Exercise brief: Transcribe exactly, and only, the lines running from the one that contains "120 million years after the Big Bang" through the last line of the material. No pictures.

Supplied data:
------------------------------------------------------------
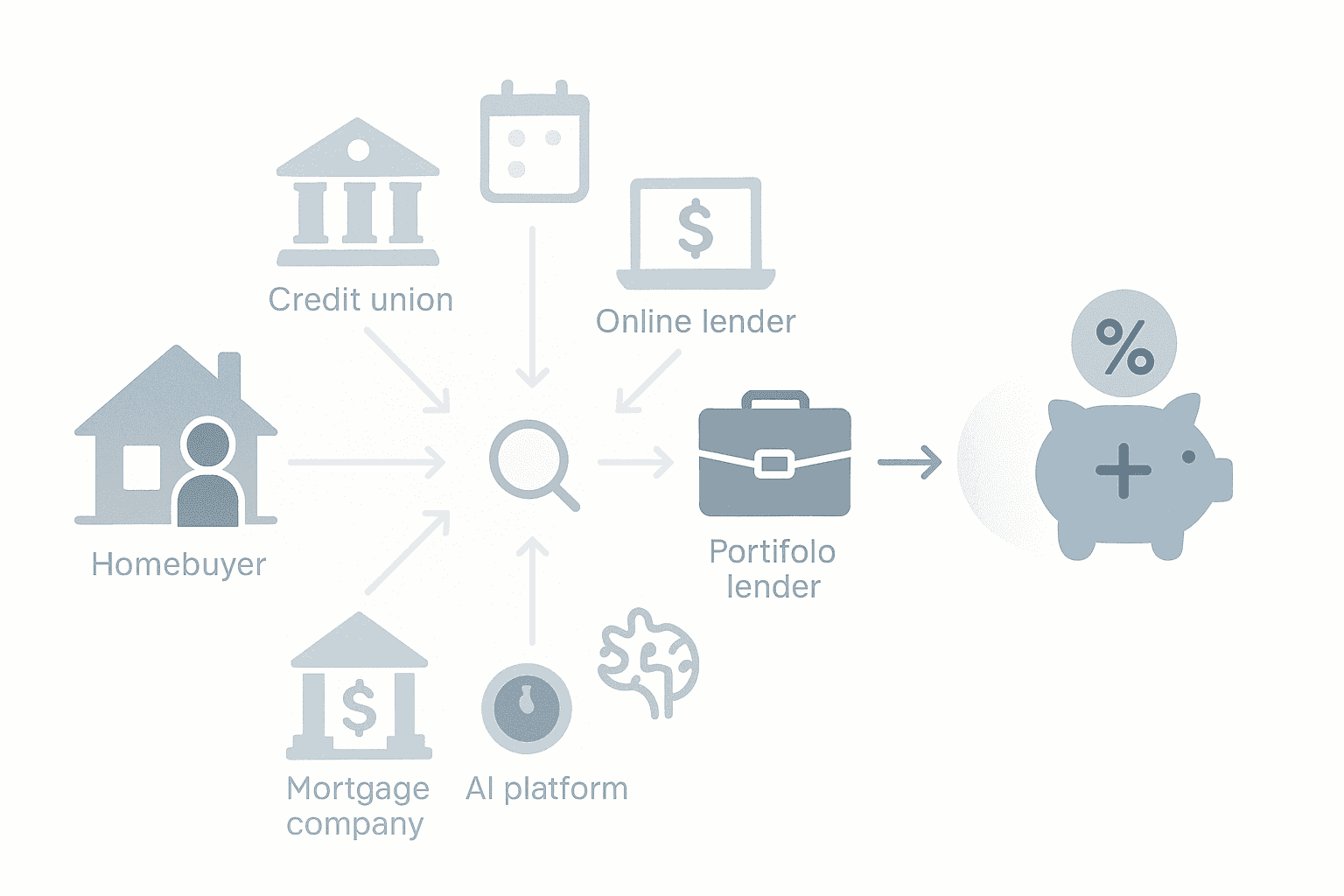 Flowchart showing borrower sourcing quotes from multiple lender types to achieve a lower jumbo mortgage APR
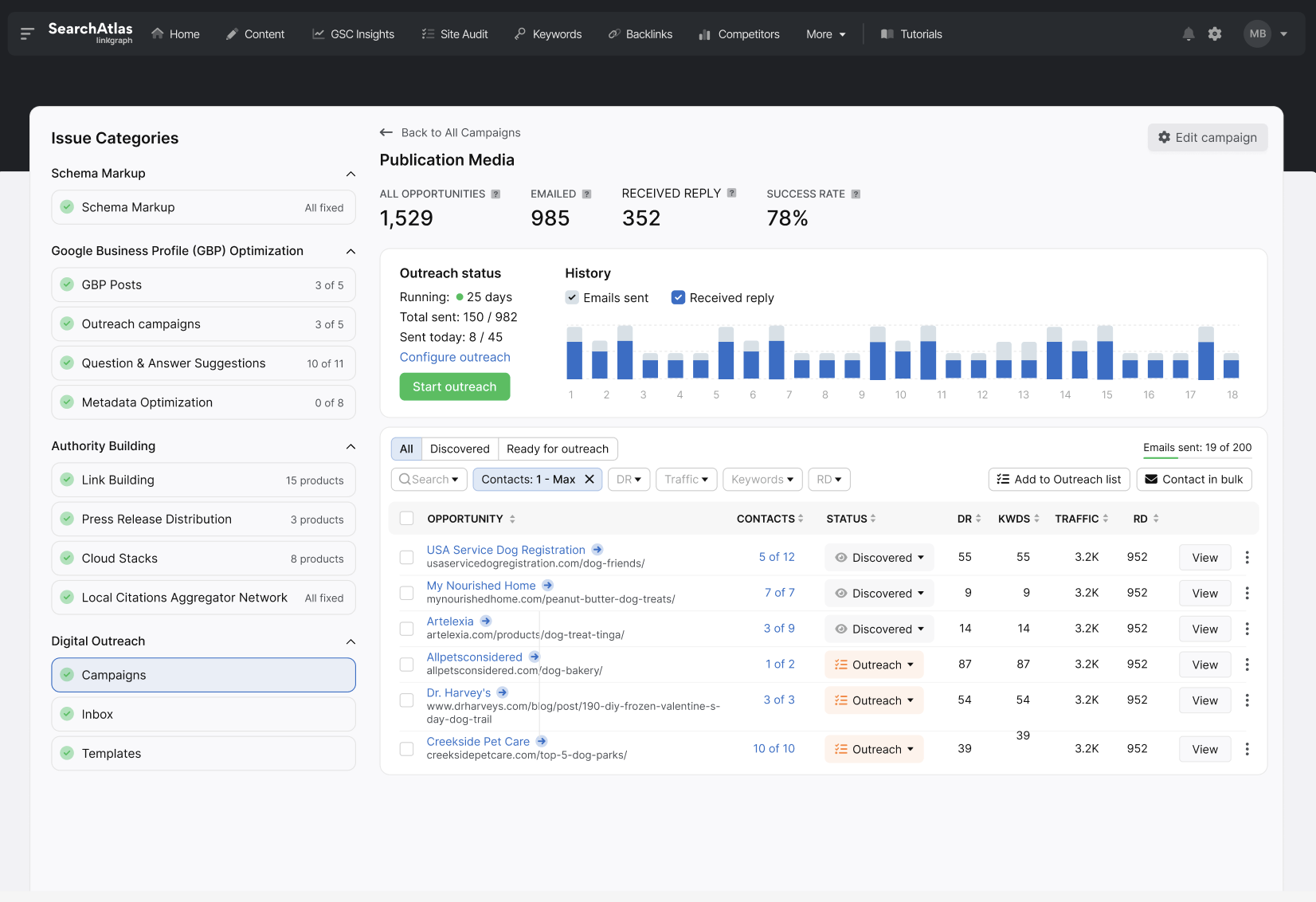 A screenshot of the SearchAtlas dashboard displaying campaign performance metrics, categories, and a detailed table on the right side showcasing outreach status for Link Building efforts, contacts, and email templates.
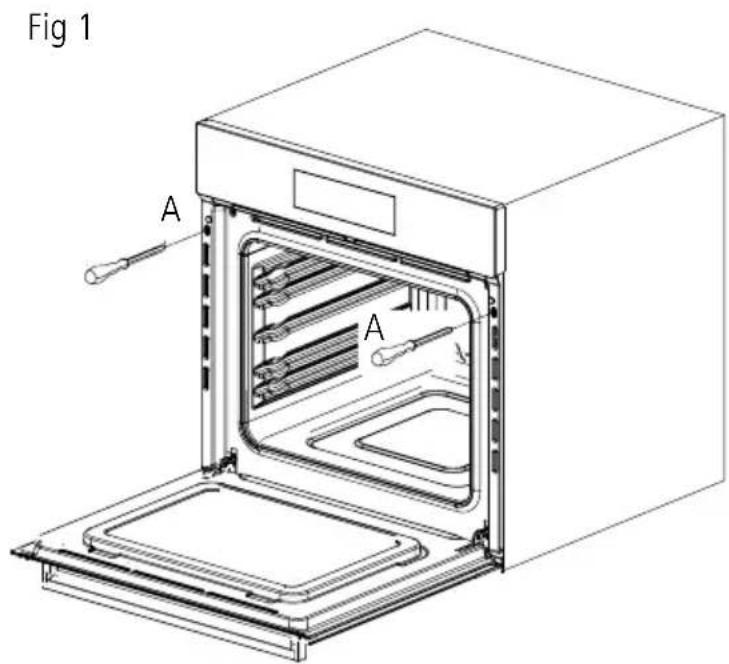 Fig 1 A A
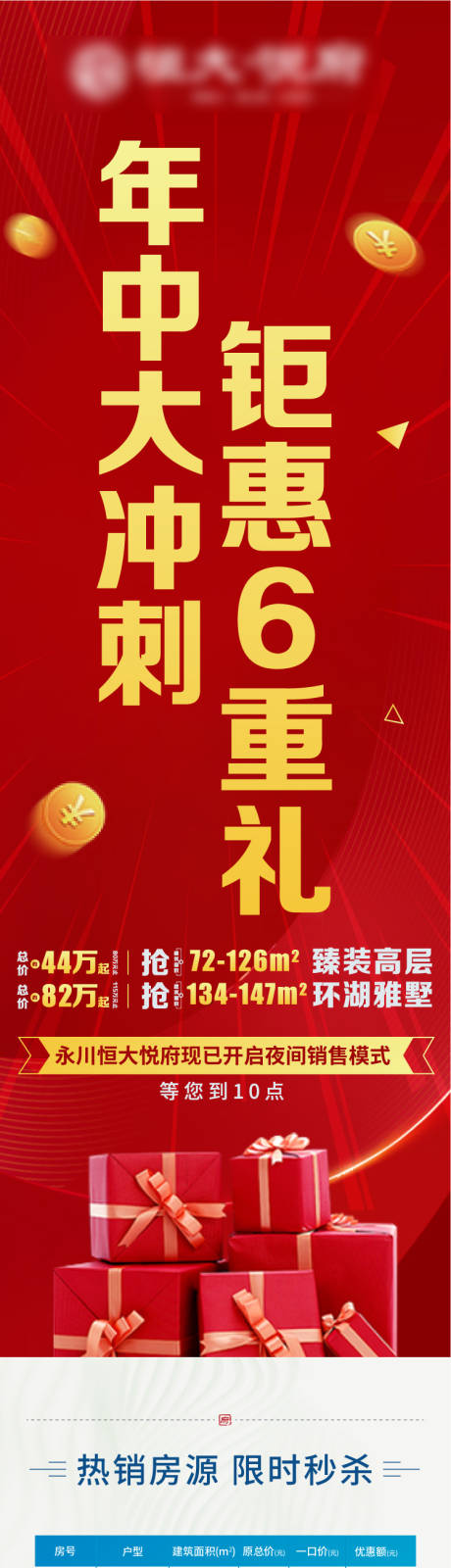 源文件下载【地产长图微信特价房】编号：20200608003149678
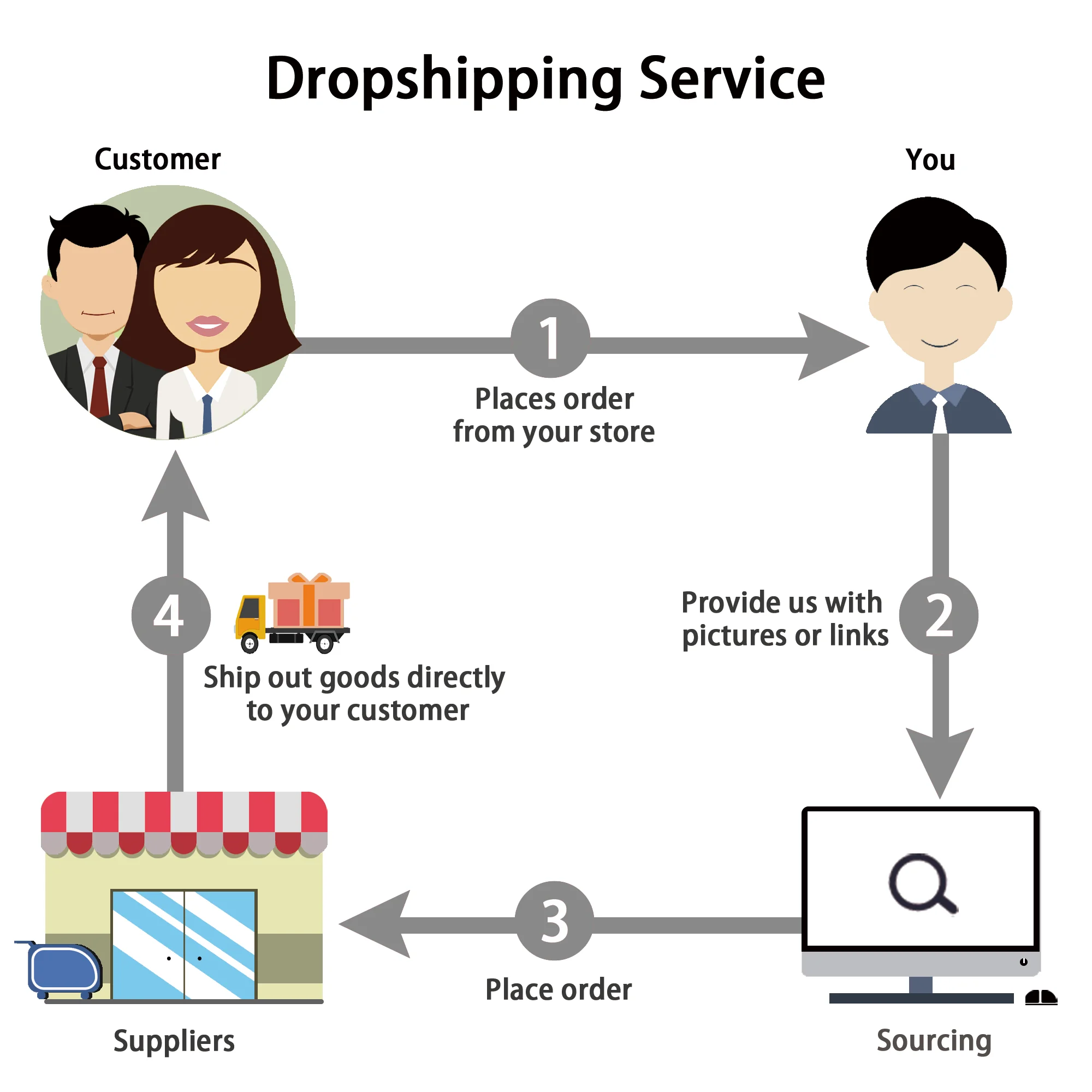 Dropshipping fulfillment services agent to Thailand
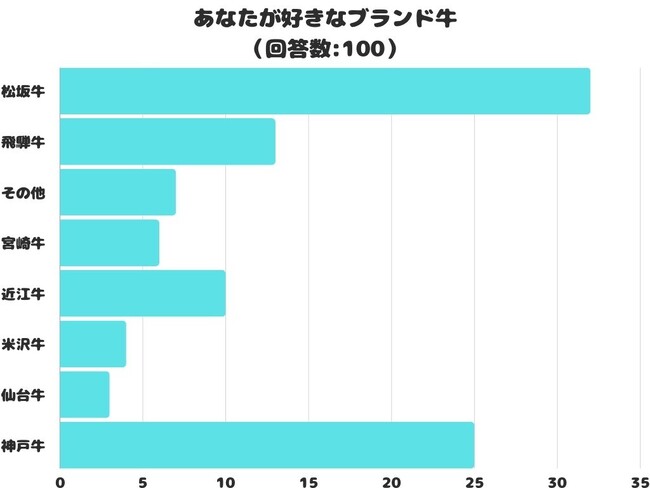 【調査レポート】好きなブランド牛はなに？1位はやっぱり「松坂牛」！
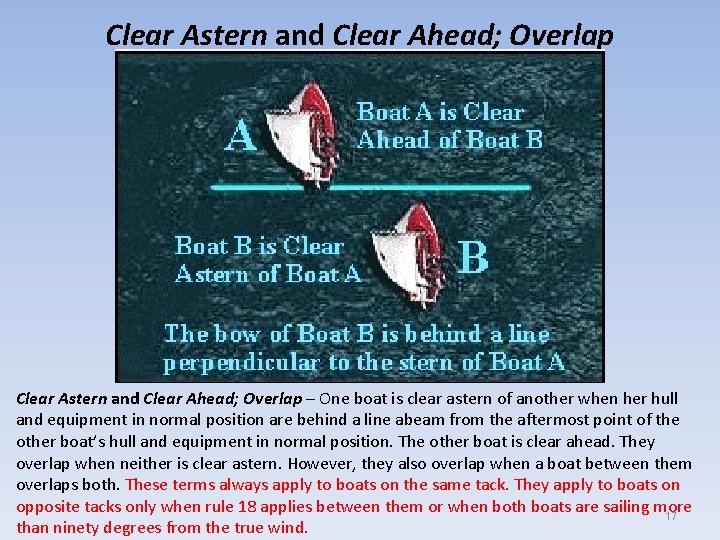 Clear Astern and Clear Ahead; Overlap – One boat is clear astern of another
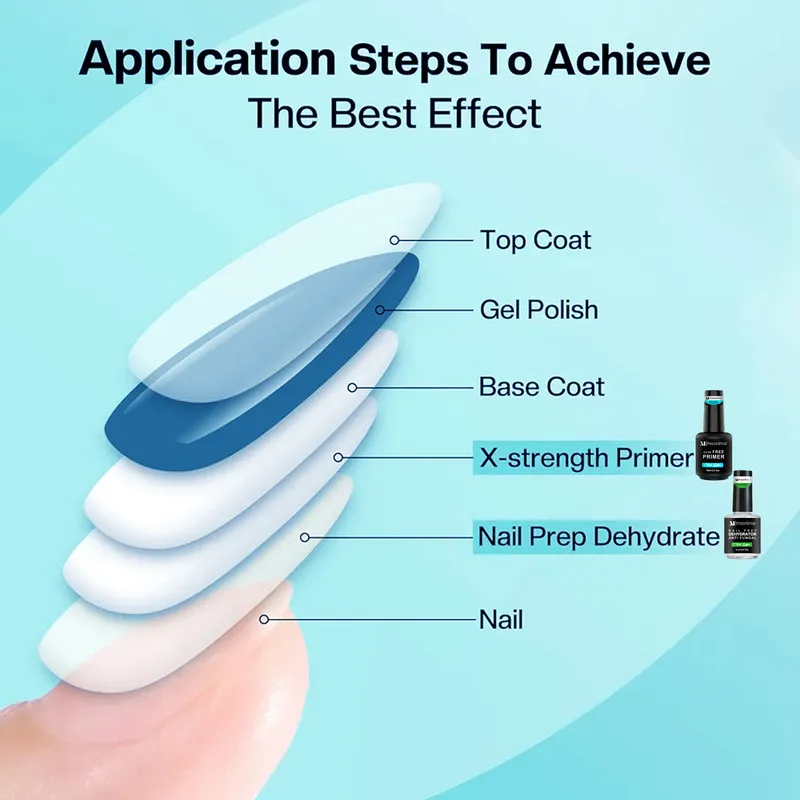 پرایمر کاشت ناخن مونیمار مدل ACID FREE حجم 16 میلیلیتر - تصویر 4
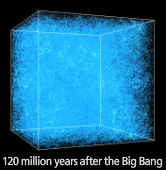 120 million years after the Big Bang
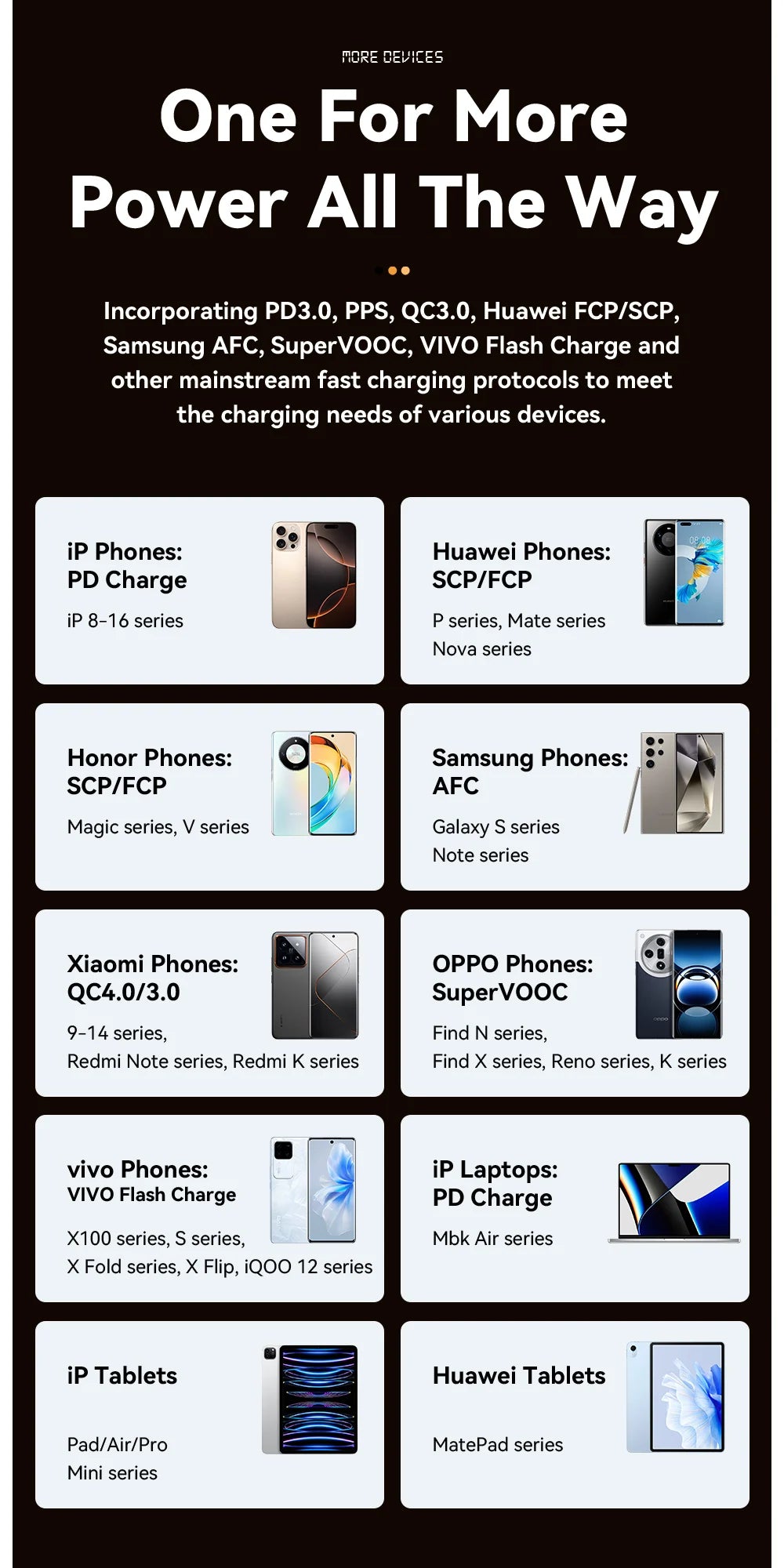 Essager 100W USB-C Car Charger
------------------------------------------------------------
Answer:
 120 million years after the Big Bang
 Essager 100W USB-C Car Charger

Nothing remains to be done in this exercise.